_Task to complete_: Report, as a single number, how many lines of the records contain the word "important".

_Data extract_:

=-=-=-=-=

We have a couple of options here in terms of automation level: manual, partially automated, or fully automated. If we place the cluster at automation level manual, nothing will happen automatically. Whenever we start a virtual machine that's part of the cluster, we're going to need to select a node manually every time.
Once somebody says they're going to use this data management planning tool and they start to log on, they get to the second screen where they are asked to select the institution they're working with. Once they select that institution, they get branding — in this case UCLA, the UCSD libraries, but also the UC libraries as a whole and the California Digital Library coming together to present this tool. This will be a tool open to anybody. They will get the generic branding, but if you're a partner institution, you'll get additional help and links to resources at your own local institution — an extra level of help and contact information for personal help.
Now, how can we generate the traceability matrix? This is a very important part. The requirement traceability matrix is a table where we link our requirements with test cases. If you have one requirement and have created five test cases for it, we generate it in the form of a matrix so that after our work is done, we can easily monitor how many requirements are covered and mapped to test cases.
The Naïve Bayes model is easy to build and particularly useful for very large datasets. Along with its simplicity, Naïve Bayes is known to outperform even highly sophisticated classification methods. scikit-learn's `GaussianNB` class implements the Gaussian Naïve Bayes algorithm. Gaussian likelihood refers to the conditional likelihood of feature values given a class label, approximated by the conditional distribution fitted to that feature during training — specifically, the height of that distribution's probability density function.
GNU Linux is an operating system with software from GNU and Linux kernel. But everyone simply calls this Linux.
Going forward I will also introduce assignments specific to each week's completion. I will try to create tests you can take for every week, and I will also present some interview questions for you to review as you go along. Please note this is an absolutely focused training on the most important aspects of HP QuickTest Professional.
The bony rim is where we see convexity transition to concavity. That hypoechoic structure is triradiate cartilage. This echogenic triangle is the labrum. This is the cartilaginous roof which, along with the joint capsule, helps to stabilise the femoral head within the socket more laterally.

=-=-=-=-=

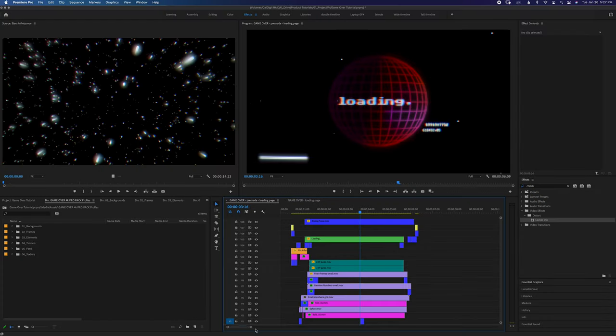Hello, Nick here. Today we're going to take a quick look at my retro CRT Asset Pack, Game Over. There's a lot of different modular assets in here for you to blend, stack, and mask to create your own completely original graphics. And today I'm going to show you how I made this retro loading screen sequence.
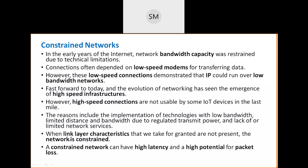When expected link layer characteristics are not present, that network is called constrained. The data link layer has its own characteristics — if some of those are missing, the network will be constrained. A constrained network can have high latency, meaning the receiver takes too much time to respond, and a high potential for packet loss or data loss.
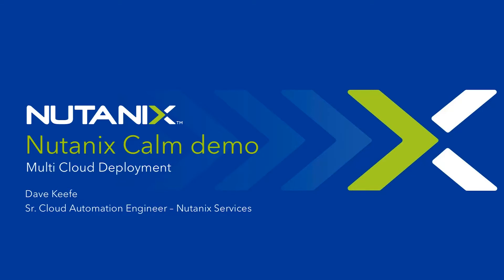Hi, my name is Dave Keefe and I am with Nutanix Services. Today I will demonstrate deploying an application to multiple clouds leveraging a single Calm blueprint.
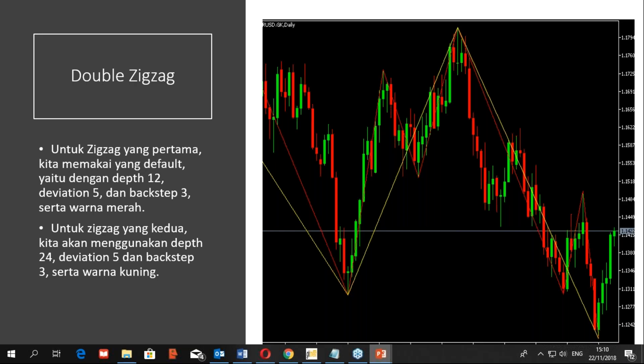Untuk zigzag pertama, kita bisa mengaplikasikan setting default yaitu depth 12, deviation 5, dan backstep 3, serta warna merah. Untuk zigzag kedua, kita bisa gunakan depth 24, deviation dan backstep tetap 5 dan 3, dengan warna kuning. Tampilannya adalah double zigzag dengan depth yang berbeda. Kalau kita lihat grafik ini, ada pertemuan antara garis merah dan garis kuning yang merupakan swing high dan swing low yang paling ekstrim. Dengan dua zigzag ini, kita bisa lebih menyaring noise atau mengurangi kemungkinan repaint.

=-=-=-=-=

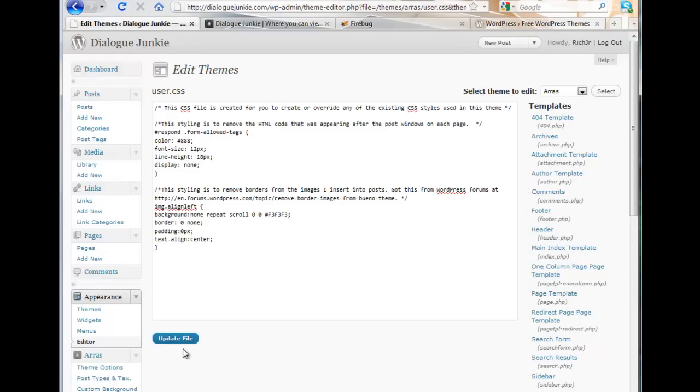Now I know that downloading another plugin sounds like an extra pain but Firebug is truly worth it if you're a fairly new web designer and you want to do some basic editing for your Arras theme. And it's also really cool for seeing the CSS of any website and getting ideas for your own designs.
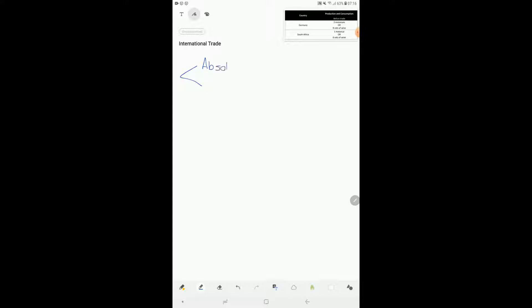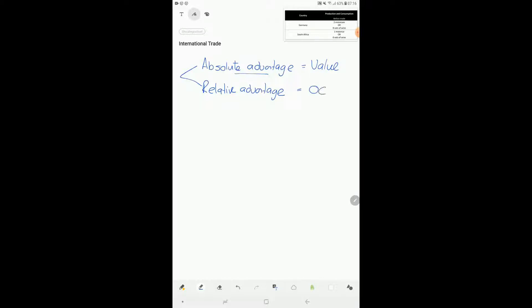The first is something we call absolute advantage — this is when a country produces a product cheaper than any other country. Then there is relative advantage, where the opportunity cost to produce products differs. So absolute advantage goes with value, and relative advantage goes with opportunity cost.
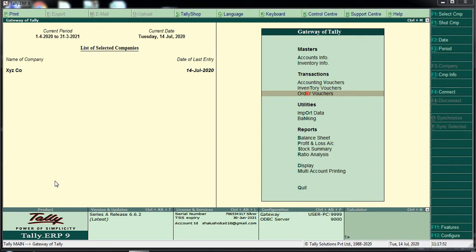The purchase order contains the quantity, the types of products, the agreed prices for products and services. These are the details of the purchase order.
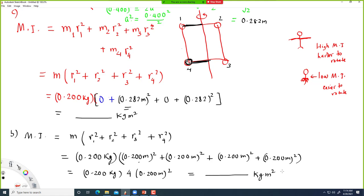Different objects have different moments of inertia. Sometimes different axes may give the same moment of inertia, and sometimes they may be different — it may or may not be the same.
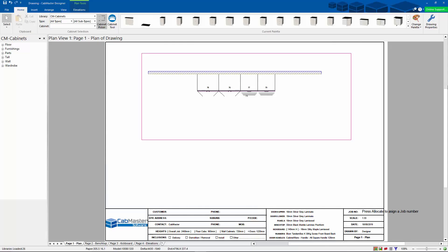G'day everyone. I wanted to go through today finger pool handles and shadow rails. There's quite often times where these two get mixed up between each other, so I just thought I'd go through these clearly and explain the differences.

=-=-=-=-=

_Response_: 2